Our proposed method of data collection fills this gap by first identifying the relevant players and communities in the form of a seedlist and then recording their social media activities through historical and ongoing data collection. This results in a multi-platform, longitudinal database of social media posts that enables researchers to track how communities evolve over time and compare behavior between platforms. Furthermore, the entities can act as nodes linking data from different platforms, facilitating the study of networks across platforms. In our case, building a comprehensive seedlist that contains all the major players in the Canadian social media ecosystem provided us with a holistic view of the information landscape that affects Canadians. We therefore present the seedlist as a crucial tool for social media research.
The seedlist is useful for social media analysis that:
- Analyzes a specific set of entities over time
- Analyzes entity activities and relationships across multiple platforms using normalized metrics (to enable cross-platform comparison)
A good example of an analysis project that meets these conditions is our analysis on the impact of Meta’s news ban on Canadian news organizations. We built a seedlist that included 773 news outlets in Canada (and all their social media handles) and studied their overall behavior before and after Meta’s news ban went into effect. Our seedlist also allowed us to study the difference in news outlet behavior between Meta platforms and non-Meta platforms.

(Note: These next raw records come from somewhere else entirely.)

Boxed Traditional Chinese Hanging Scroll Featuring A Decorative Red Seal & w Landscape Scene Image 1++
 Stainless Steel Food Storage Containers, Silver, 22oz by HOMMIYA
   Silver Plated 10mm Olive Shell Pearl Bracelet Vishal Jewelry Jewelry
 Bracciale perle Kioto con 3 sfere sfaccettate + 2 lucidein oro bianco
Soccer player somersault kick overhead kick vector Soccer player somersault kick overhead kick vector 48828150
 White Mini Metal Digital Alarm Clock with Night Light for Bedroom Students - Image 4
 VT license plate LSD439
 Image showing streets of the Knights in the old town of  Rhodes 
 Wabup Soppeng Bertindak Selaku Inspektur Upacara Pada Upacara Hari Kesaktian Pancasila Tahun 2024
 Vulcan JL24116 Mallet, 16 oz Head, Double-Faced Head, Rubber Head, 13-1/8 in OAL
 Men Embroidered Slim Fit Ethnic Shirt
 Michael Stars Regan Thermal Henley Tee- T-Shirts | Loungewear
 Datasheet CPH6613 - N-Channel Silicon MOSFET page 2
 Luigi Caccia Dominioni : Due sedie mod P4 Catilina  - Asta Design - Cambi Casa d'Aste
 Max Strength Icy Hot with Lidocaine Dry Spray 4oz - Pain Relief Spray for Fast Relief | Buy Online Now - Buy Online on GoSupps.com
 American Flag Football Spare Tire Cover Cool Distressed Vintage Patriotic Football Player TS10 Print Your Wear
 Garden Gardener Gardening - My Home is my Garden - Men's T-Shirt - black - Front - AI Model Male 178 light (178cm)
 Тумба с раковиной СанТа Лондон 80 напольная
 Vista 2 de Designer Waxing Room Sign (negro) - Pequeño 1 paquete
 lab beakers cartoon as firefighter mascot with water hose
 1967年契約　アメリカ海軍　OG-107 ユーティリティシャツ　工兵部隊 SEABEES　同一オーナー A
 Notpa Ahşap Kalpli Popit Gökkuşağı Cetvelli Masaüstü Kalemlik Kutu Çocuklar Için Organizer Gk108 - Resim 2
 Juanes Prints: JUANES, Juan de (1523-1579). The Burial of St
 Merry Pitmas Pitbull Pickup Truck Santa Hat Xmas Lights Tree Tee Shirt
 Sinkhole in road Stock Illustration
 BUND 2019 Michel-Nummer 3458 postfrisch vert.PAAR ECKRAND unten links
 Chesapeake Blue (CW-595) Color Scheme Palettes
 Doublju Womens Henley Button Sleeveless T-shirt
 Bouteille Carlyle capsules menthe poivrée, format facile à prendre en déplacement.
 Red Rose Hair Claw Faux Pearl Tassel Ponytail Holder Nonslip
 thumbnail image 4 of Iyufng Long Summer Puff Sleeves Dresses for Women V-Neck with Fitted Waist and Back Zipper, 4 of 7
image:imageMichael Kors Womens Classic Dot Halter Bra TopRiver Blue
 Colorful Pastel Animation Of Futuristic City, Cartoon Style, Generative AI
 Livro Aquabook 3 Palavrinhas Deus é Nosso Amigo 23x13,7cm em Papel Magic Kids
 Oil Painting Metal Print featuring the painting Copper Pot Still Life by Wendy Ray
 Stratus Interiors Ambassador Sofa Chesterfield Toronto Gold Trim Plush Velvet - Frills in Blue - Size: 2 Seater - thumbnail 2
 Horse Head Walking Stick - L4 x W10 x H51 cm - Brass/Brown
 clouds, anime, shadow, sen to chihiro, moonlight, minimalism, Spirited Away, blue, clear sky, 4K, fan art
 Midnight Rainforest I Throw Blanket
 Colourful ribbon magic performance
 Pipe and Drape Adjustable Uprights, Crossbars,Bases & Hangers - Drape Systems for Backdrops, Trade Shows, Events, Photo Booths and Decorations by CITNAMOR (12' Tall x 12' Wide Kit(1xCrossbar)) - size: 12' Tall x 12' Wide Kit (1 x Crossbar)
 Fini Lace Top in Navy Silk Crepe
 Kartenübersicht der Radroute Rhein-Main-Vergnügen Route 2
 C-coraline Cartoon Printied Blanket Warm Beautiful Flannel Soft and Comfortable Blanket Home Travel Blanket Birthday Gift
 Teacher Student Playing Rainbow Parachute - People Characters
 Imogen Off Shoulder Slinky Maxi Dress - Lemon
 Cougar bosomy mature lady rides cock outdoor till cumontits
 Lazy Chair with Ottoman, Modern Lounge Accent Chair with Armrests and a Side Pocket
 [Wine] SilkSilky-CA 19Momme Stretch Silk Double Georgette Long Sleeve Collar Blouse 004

On the other hand, since the seedlist is entity-centric, the seedlist is not necessary for analysis that focuses on the digital content rather than the entities that produce it. It may also be disproportionate to the scope of analyses that examine only a very specific point in time.
The seedlist is not necessary for social media analysis that:
- Only analyzes content that is entity-agnostic, such as hashtag, keyword, or topic analysis.
- Carries out cross-sectional analysis without a temporal dimension.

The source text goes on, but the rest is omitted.